And since I can’t believe in an indifferent nature, and won’t accept one so "creatively evil," I choose to trust in the ultimate triumph of good, to believe in God. What choice is there is the face of history’s evidence? One has to stare into space and ignore history to call the world indifferent. If the world is meaningful, then it is a great battleground of good and evil, as one cannot exist without the other. I choose the good.
Of course, some would ask, if God does exist, why doesn’t God eliminate evil? The Gospel gives the answer. The disciples would like to see moral evil eliminated outright, even if they have to perpetrate a bit of their own. "Lord, do you want us to call down fire from heaven to consume them?" (Lk 9:54). But Jesus abides. Admit it, he tolerates evil. He journeys on to another village, where he tells them, "Foxes have dens and birds of the sky have nests, but the Son of Man has nowhere to rest his head" (9:58).
Why does Jesus wander? Why doesn’t he stay and fight evil wherever he finds it? Why didn’t he remain in one place and heal everyone who came to him? What good is a Messiah who won’t battle moral evil and eliminate natural evil?
Jesus came to preach, which is to say, he came to impart knowledge, indeed, for him, the only truth that mattered. What is that truth? That our world comes forth from a God who is good and that good will ultimately triumph.
Atheists are right. God could prove his existence in an instant by eliminating evil.
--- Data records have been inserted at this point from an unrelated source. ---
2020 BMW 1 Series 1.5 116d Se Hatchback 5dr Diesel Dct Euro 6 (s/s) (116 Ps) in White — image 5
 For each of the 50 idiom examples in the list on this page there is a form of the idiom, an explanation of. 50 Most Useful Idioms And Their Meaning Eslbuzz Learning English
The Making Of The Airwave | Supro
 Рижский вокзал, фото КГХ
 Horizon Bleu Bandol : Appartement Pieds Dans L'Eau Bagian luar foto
That would certainly establish the existence of God, but it would also eliminate the strategic struggle of good and evil that we call the human person.
Saint Paul told the Galatians, "You were called for freedom, brothers and sisters. But do not use this freedom as an opportunity for the flesh; rather, serve one another through love" (5:13). As the Gospel sees it, salvation comes, not through strength and its ability to suppress, but through insight and its ability to call and compel. A little boy in blue died at Gettysburg. Of course God could have stopped his death by stopping Gettysburg, by stopping America, by stopping the human drama itself. Instead God calls us upon our freedom, the independence that truly matters. We are called to remember, to learn, and then to act.